Его холодные глаза отражались в зеркале. Машина двигалась, но очень медленно. Мы выбрались из-под покрова деревьев и приблизились к водоему – не то пруду, не то озеру. Как много времени заняла эта поездка? По моим прикидкам, от тридцати до тридцати пяти минут. По обе стороны машины не было видно ни одного строения – дома или коттеджа. Здесь не было ничего, кроме заросшего берега. Он заглушил мотор. Я читал, как трудно стартапу заразить инвесторов новой идеей, и поэтому нужно как можно быстрее произвести на них благоприятное впечатление. Но я сомневался, что многим начинающим бизнесменам приходилось излагать свои идеи посреди ночи на берегу озера, в котором их утопят, если идея не найдет поддержки. Теперь я понимал, что происходит. Часы тикали.
– В этом контексте я хочу сказать: десять тысяч евро, – сказал я. – Наличными или банковским переводом. На ваш личный счет. В обмен на организацию встречи с теми, на кого вы работаете. С теми, кто распоряжается суммами, сопоставимыми с размером долга моего брата. Повторяю: только за организацию этой встречи я заплачу вам десять тысяч евро.
А. К. плотнее сжал мое запястье. Я чувствовал его хватку, но мои собственные пальцы утратили всякую чувствительность. В наушниках по-прежнему ухали басы. Должно быть, это одна из самых длинных из когда-либо созданных композиций.
– Во-первых, у тебя нет денег, – сказал Игуана голосом, в котором не было убежденности. – И ты предлагаешь отвалить десять косых, чтобы я сделал один звонок?
– Это очень простая математика, – объяснил я. – У меня есть десять тысяч, но нет, скажем, трехсот тысяч. Чтобы получить более крупную сумму, я готов вначале заплатить более мелкую. А когда я получу предполагаемые триста тысяч, вы получите еще больше.
– Насколько больше?
– Это зависит от исхода встречи.
– В каком смысле?
– Десять тысяч требуют определенного терпения. Дальнейшее я скажу вам во время встречи.
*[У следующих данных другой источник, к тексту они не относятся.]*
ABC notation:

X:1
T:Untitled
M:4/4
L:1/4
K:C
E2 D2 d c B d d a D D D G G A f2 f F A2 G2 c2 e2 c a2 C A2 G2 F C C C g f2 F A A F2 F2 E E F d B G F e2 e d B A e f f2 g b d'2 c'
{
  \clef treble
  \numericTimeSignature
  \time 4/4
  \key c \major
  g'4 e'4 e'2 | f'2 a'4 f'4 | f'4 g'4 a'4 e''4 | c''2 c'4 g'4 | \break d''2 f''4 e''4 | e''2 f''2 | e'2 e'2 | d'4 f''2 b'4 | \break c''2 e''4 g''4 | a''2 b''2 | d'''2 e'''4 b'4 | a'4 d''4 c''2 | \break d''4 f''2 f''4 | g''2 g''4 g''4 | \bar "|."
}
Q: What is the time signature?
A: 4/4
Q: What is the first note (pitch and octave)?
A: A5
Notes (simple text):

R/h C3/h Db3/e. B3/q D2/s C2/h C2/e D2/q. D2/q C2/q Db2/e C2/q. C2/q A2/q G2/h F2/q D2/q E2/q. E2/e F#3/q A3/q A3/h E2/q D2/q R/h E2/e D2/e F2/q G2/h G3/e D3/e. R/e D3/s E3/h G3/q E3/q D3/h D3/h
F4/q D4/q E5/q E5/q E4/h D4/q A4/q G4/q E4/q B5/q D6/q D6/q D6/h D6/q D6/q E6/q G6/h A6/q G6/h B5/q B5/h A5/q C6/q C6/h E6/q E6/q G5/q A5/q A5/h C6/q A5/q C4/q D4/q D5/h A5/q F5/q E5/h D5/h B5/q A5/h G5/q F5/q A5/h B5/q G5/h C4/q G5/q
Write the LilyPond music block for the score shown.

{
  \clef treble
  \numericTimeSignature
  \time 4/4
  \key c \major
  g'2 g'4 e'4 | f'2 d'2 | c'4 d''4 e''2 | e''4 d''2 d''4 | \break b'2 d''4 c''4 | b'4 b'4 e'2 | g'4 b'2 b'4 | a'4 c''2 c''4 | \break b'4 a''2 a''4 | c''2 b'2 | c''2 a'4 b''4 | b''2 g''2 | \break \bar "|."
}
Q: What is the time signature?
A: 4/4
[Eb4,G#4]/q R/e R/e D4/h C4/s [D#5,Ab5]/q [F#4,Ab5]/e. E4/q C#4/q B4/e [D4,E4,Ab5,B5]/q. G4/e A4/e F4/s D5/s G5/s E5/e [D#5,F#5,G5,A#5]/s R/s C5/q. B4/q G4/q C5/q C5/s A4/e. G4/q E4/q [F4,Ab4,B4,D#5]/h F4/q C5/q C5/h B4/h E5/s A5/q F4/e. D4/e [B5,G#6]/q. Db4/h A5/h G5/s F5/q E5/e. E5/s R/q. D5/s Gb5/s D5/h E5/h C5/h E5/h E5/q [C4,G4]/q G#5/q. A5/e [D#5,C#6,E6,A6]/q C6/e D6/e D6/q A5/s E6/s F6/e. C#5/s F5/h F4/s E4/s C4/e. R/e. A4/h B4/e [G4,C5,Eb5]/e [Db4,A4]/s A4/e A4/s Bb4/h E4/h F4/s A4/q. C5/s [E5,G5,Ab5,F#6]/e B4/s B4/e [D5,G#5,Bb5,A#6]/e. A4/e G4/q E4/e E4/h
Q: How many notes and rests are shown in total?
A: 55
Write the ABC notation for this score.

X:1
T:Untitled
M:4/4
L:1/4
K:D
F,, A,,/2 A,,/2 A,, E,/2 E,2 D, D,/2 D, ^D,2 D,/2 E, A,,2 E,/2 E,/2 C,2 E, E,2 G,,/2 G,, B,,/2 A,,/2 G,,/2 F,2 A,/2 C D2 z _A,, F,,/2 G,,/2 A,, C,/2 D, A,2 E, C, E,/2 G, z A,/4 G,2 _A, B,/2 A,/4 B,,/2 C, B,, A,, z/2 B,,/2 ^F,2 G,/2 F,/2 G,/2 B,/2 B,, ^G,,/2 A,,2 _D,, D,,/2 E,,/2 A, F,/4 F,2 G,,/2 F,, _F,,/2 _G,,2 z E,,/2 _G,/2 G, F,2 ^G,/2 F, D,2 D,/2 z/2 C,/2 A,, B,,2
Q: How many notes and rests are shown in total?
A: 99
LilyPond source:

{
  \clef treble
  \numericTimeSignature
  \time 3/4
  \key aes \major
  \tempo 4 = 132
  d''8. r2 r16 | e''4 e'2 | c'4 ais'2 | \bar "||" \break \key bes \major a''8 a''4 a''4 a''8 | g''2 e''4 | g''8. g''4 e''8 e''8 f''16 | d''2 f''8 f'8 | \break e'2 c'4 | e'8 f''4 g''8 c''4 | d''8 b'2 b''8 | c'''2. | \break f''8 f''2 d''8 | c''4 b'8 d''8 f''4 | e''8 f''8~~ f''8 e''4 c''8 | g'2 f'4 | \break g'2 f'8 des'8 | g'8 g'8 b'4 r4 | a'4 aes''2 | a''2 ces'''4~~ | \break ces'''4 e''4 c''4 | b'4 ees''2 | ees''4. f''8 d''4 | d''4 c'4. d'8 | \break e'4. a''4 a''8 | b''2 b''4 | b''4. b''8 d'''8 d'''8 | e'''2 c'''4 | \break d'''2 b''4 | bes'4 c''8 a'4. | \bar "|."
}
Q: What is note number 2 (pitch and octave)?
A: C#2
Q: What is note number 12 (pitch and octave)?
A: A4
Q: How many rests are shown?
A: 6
– Откуда ты знаешь, что тебе это удастся?
– Я актуарий. И я не даю необоснованных обещаний.
На краткий миг все замерло. Затем Игуана поднял руку и указал ею вперед. Недвижимая вода сверкала в лунном свете, как лед.
– Это видишь?
Я кивнул.
– Для такого тощего, как ты, на дне места хватит.
– Понимаю, – сказал я, решив воздержаться от комментария по поводу соотношения объемов водоема и тела, погруженного в водоем.
Игуана посмотрел в зеркало, открыл дверцу и выскользнул из машины. Он отошел, но недалеко, и я видел, что он поднес к уху телефон. Затем он исчез за деревьями.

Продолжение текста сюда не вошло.